How do you use the disk or shell method to find the volume of the solid generated by revolving the regions bounded by the graphs of y = x^(1/2), y = 2, and x = 0 about the line x = -1?

Oct 19, 2015

See the explanation section, below.

Explanation:

Here is a picture of the region with a thin slice taken vertically.

So thickness is $\mathrm{dx}$ and we will use cylindrical shells.

The representative shell will have volume
$2 \pi \text{radius" * "height" * "thickness} = 2 \pi \left(x + 1\right) \left(2 - \sqrt{x}\right) \mathrm{dx}$.

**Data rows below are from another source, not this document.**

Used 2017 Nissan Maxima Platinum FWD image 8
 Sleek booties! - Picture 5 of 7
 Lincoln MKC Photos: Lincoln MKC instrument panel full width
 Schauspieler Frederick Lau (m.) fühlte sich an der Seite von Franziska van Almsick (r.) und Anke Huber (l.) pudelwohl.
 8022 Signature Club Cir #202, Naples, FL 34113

We see that the values of $x$ vary from $0$ to $4$

So the volume of the solid is found by evaluating:

${\int}_{0}^{4} 2 \pi \left(x + 1\right) \left(2 - \sqrt{x}\right) \mathrm{dx} = 2 \pi {\int}_{0}^{4} \left(x + 1\right) \left(2 - \sqrt{x}\right) \mathrm{dx}$

Expand the product and integrate term by term.

To use disks/washers , we need to take our slices perpendicular to the axis of rotation as shown below.

The curve is now expressed as $x = {y}^{2}$

The representative washer has volume: $\pi \left({R}^{2} - {r}^{2}\right) \mathrm{dy}$ Where $r$ is the greater radius ($x = - 1$ to $x = {y}^{2}$) and $r$ is the lesser radius ($x = - 1$ to $x = 0$) and the thickness is $\mathrm{dy}$.

$y$ goes from $0$ to $2$, so the Volume is

${\int}_{0}^{2} \pi \left({\left({y}^{2} + 1\right)}^{2} - {\left(1\right)}^{1}\right) \mathrm{dy} = \pi {\int}_{0}^{2} \left({\left({y}^{2} + 1\right)}^{2} - {\left(1\right)}^{1}\right) \mathrm{dy}$

Again, expand and integrate term by term.